Their description reminded me of being in the chorus. There’s always a rehearsal or two in the middle of preparing for a concert where it gets really tedious – we’re past the point of learning the notes but not quite to the point of making music. The notes are there, but they’re not quite locked down to the point where we can forget about them and concentrate on the higher level music. So we have to run parts over and over again until it becomes automatic. It’s boring, it’s annoying, but it’s necessary to get to the point where we’re not singing notes, but making music.
This relates back to my theory of cognitive subroutines. When we do something over and over again, we’re ingraining it deep into our brain so that it can be handled unconsciously, leaving our limited conscious brain to concentrate on other things. While the adage says “Practice Makes Perfect”, my music teachers told me that it should be “Practice Makes Permanent”. If we do something enough times the same way, we’ll do it automatically without thinking about it.
Why is it necessary to be able to accomplish the task unconsciously? So that we can think about other things. In chorus, it’s only when I can sing the notes automatically that I can pay attention to the lyrics and the musical shape.
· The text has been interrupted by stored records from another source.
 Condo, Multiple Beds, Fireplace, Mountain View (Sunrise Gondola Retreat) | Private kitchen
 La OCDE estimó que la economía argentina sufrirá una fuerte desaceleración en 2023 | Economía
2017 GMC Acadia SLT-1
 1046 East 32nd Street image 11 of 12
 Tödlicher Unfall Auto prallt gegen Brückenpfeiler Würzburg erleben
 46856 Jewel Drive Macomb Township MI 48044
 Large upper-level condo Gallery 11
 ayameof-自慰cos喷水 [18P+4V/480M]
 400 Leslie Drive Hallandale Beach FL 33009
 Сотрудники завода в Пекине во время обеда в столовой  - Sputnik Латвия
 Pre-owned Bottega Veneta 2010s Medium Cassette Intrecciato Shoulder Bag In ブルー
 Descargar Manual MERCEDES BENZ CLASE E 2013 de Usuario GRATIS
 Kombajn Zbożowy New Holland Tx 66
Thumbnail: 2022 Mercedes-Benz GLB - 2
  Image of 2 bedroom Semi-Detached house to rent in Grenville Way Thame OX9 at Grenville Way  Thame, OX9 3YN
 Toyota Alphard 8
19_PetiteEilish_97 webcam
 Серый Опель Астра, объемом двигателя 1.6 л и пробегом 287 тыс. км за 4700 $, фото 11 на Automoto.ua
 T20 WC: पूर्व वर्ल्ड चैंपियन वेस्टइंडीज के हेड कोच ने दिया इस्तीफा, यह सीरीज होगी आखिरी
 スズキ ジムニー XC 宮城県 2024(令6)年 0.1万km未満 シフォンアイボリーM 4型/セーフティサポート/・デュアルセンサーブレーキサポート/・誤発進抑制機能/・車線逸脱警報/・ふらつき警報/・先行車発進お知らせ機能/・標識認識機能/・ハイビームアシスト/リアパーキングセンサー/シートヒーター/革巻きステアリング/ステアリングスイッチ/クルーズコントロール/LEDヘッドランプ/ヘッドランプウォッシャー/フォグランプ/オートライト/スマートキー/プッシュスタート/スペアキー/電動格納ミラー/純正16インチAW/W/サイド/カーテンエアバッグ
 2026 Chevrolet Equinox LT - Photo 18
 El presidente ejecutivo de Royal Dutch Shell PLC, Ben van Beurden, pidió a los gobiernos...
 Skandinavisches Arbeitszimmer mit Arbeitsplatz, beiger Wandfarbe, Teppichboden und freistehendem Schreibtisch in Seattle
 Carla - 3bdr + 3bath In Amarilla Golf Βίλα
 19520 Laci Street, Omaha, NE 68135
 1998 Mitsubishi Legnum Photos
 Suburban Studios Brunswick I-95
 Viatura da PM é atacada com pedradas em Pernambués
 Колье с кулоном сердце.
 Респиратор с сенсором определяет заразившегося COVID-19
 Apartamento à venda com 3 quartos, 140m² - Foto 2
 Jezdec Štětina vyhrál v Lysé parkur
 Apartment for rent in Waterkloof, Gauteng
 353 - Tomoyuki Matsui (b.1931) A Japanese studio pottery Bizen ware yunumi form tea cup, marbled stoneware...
In volleyball, I have to be able to hit the ball consistently and automatically before I can start paying attention to reading the court and “hit ’em where they ain’t”. In frisbee, I have to be able to make the throw without thinking before I can start reading the field and figure out how to beat the defense. And then, all of these can be taken one step further when that level of expertise is mastered (but I haven’t gotten there myself).
This idea of mastery is also covered by Gary Klein’s Sources of Power, where he describes how firefighters make rapid and correct decisions in the field. They have been in so many situations that they know what to look for at an unconscious level, and thus can react immediately.
The key to this level of mastery is the iterations. It’s doing it over and over again until the reactions become automatic. It’s being in the situation enough times that you’ve seen everything that can happen and know how to react. When you’ve played a game enough times, whether it be hearts or World of Warcraft, you won’t be surprised by most situations that occur – you’ve confronted the situation before, tried a few different responses, found one that worked, and now use it without thinking in that situation, leaving your brain to concentrate on other goals.
Doing something enough times to lock it in at an unconscious level is tedious. It’s not fun, whether it’s practicing that scale on the violin or doing volleyball drills or writing code. And that’s where the discipline comes in. It’s being able to push through the iterations, to deliberately practice, to get to that next level. And the iterations can’t be done mindlessly – you have to know what results you are planning to achieve. To push through those iterations requires a level of passion, a desire to be the best. Passion enables discipline which enables mastery.
Now I just need to figure out what I feel passionate enough about to push through to the next level. Or learn some discipline.
P.S. Along those lines, Scott Berkun posted an essay yesterday on How to stay motivated. I really like Berkun’s writing, like his previous book on The Art of Project Management, so I wanted to give a shout-out about his new book on The Myths of Innovation, which is winging its way to me from Amazon right now.